As I sit here thinking what to blog about this evening, my birthday is quickly approaching. As the hours tick by, closer my day is coming. When birthdays roll around every year, you can’t help but start reflecting on your life. My life the past year has drastically changed, but my loyal readers are already more than aware of that fact. So instead, I want to write about celebrating.Growing up the youngest of five children, my mom did an awesome job, and still does, of making our birthdays special. She always wanted to give us one day that was just ours. We pick the menus, she gets us the gifts we want, and dad goes along with it. Sometimes when we open our gifts, it is the first time dad has seen them as well, he is a great sport. I have no doubt that my love of celebrating others’ birthdays is a direct result of my mom. I really do love birthdays, just not my own.

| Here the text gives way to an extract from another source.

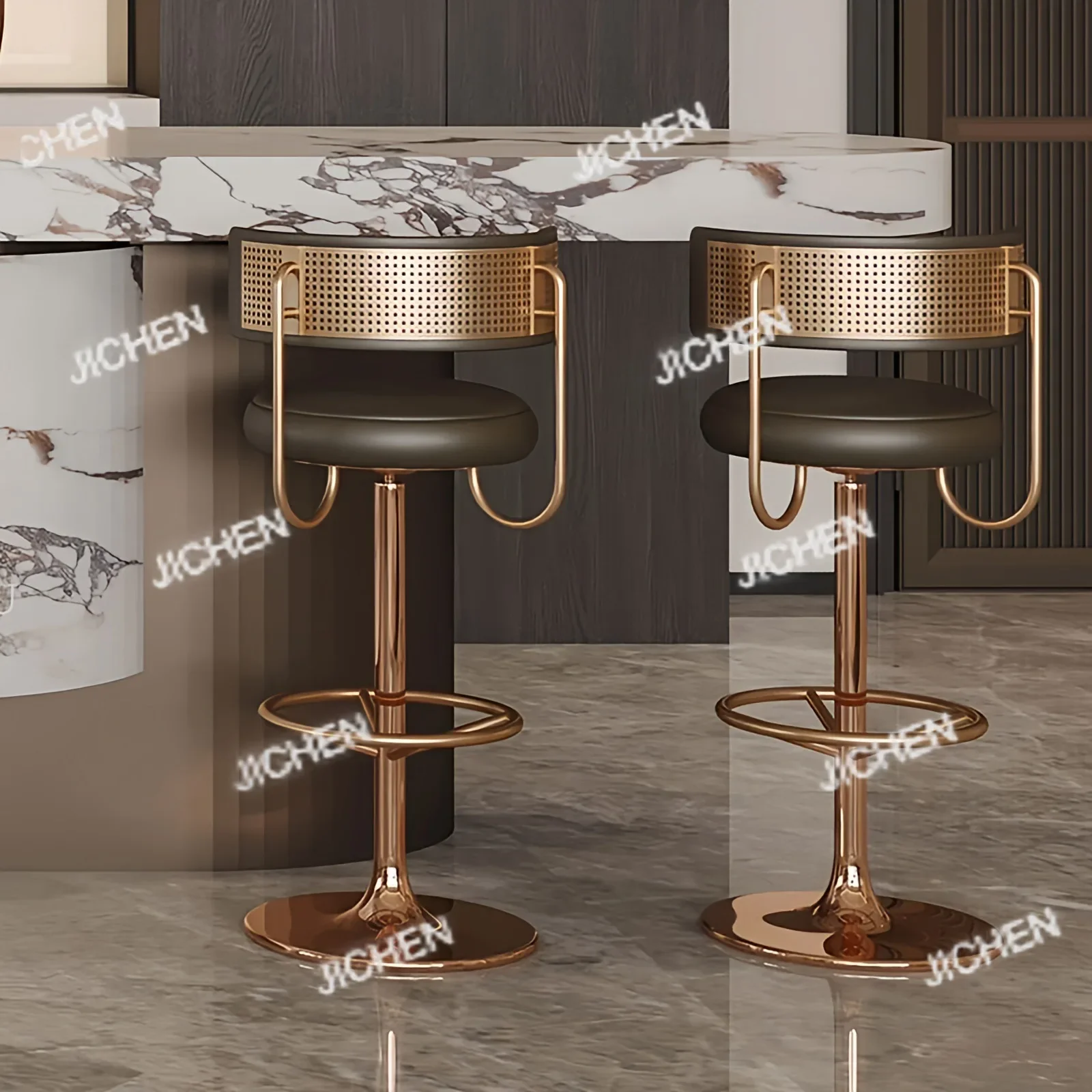 

HS итальянский легкий роскошный вращающийся барный стул, высококачественный семейный стул со спинкой, островный барный стул, минималистичный высокий табурет из нержавеющей стали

The older I get, the more low key celebrations become. My surprise 30th party was legendary, but what about non milestone birthdays? People grow up and have their own lives, so celebrating is no longer a priority. I have had to accept this fact. But my question is, should I? Do we ever get too old to celebrate?I say no! No matter what I do, I will celebrate my day. My mom will throw me a wonderful family party, and those that can make it will be there. I can’t possible blow out my own candles without help from my niece and nephews. For once in my life, I will be selfish and celebrate me. Who says I have to celebrate with certain people? If someone can’t make it, or expects me to change my schedule for them, I will just go with it. No ill will, life happens. It may hurt, but life goes on. Plus, I have a surprise concert from a friend to look forward to. Ahhh, I really want to know the surprise!
I am really uncomfortable being the center of attention or being selfish, but on my birthday, I am sure going to try! I already feel uneasy about it, but if you can’t be selfish on your birthday, then when can you? I think Laura Bush would totally agree with that.I have survived another year. I (hopefully) will wake up in the morning and greet another day by asking, what would Laura Bush do? Cheers!